Exercise objective ::
Exactly reproduce the lines from the line bearing "Dolly Parton 68th" through the end of the listing, inclusive of both; pictures are to be omitted.

--- Extracted records Enclosed Below ---

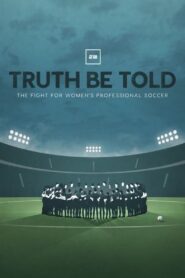 Oglądaj film Truth Be Told: The Fight for Women’s Professional Soccer PL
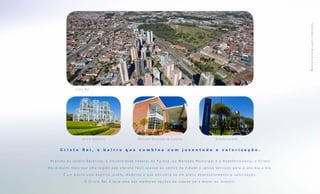 M a te r i a l pre l i mi na r suj e i to a a l ter a ções .
              Cristo Rei




                   Jardim Botânico                             Mercado Municipal de Curitiba                                  Rodoferroviária


      Cristo Rei, o bairro que combina com juventude e valorização.

 Próximo ao Jardim Botânico, à Universidade Federal do Paraná, ao Mercado Municipal e à Rodoferroviária, o Cristo
Rei é muito mais que uma região que oferece fácil acesso ao centro da cidade e vários serviços para o seu dia a dia.
       É um bairro com espírito jovem, moderno e que encontra-se em pleno desenvolvimento e valorização.

                    O C r i s to R e i é h o j e u m a d a s m e l h o r e s o p ç õ e s d a c i d a d e p a r a m o r a r o u i n v e s t i r.
 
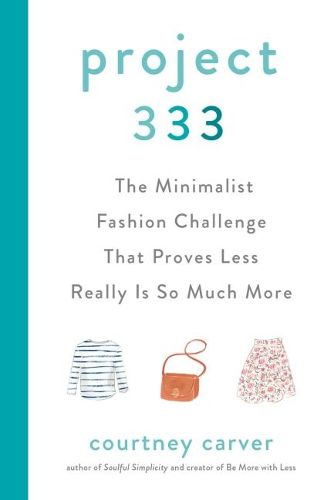 Cover image for Project 333: The Minimalist Fashion Challenge That Proves Less Really is So Much More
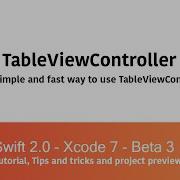 IOS9 Swift 2 0 Tutorial TableViewController Pt 1 Quick Guide To Use TableViewController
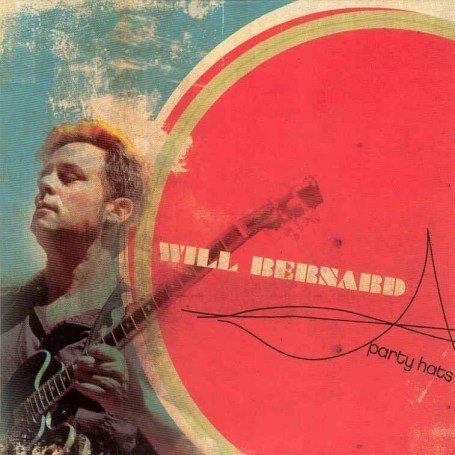 Will Bernard - Party Hats 1CD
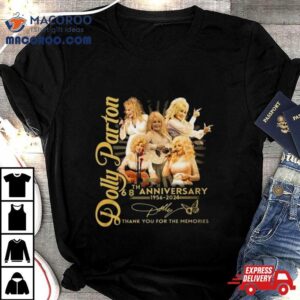 Dolly Parton 68th Anniversary 1956 2024 Thank You For The Memories Signature Shirt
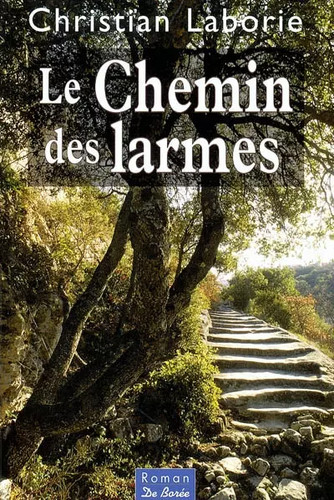 Chemin des larmes - le,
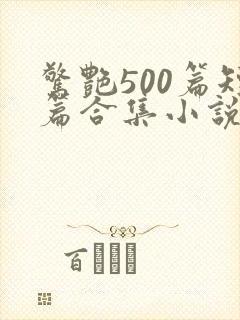 惊艳500篇短篇合集小说免费阅读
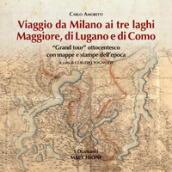 Viaggio da Milano ai tre laghi. Maggiore, Lugano, Como. «Grand tour» ottocentesco con mappe e stampe dell epoca. Ediz. illustrata
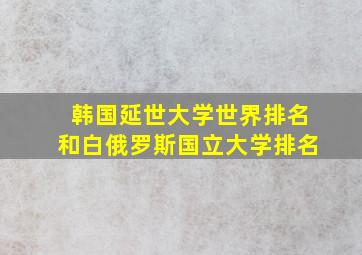 韩国延世大学世界排名和白俄罗斯国立大学排名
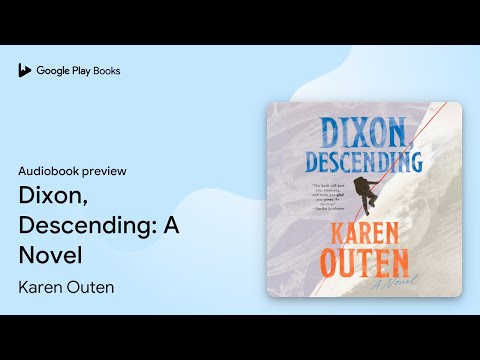 Dixon, Descending: A Novel by Karen Outen · Audiobook preview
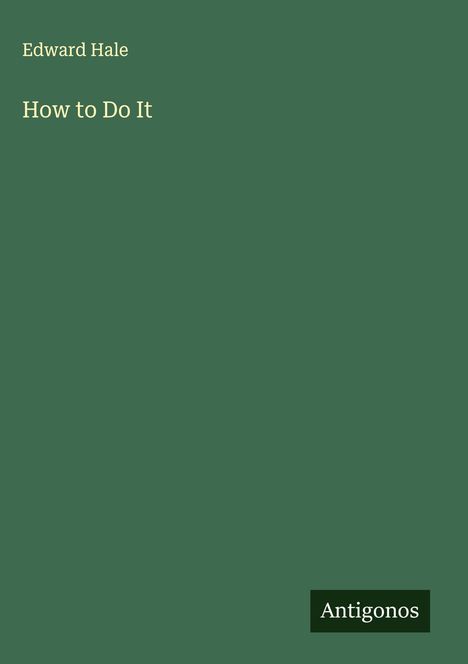 Edward Hale: How to Do It, Buch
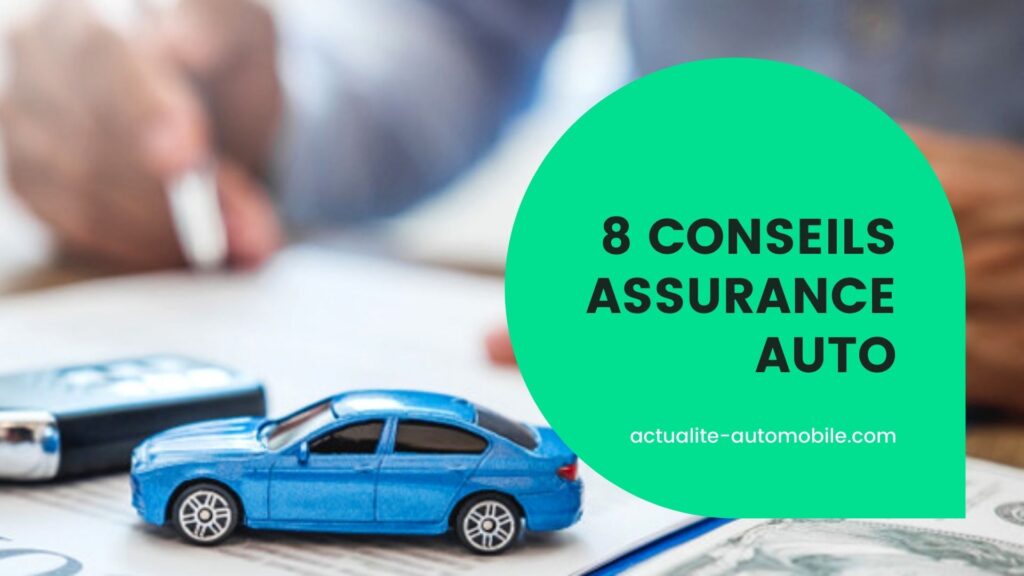 8 Conseils Utiles Pour Souscrire Une Assurance Auto Actualite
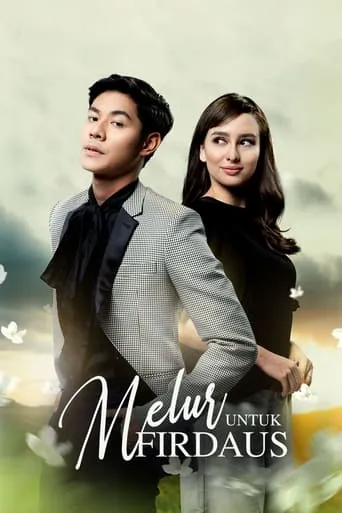 Melur Untuk Firdaus TV series poster - Rated 5.8/10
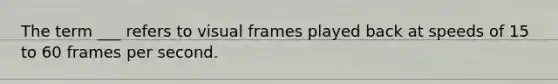 The term ___ refers to visual frames played back at speeds of 15 to 60 frames per second.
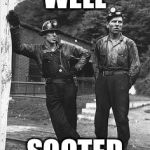 Coal Miners | WELL; SOOTED | image tagged in coal miners,memes,bad pun,black and white,nostalgia | made w/ Imgflip meme maker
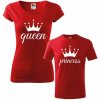 Tričká Queen & Princess (Rodinné tričká s potlačou sú vždy dobrý darček, nápisom, pre, rodinu, mama, otec)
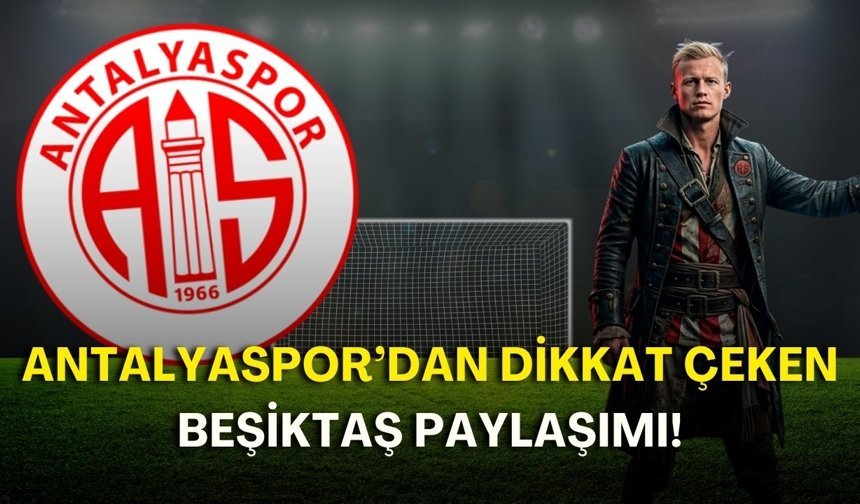 Antalyaspor’dan dikkat çeken Beşiktaş paylaşımı!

--- End of Enclosed Extracted records ---

Exercise answer ::
 Dolly Parton 68th Anniversary 1956 2024 Thank You For The Memories Signature Shirt
 Chemin des larmes - le,
 惊艳500篇短篇合集小说免费阅读
 Viaggio da Milano ai tre laghi. Maggiore, Lugano, Como. «Grand tour» ottocentesco con mappe e stampe dell epoca. Ediz. illustrata
 韩国延世大学世界排名和白俄罗斯国立大学排名
 Dixon, Descending: A Novel by Karen Outen · Audiobook preview
 Edward Hale: How to Do It, Buch
 8 Conseils Utiles Pour Souscrire Une Assurance Auto Actualite
 Melur Untuk Firdaus TV series poster - Rated 5.8/10
 The term ___ refers to visual frames played back at speeds of 15 to 60 frames per second.
 Coal Miners | WELL; SOOTED | image tagged in coal miners,memes,bad pun,black and white,nostalgia | made w/ Imgflip meme maker
 Tričká Queen & Princess (Rodinné tričká s potlačou sú vždy dobrý darček, nápisom, pre, rodinu, mama, otec)
 Antalyaspor’dan dikkat çeken Beşiktaş paylaşımı!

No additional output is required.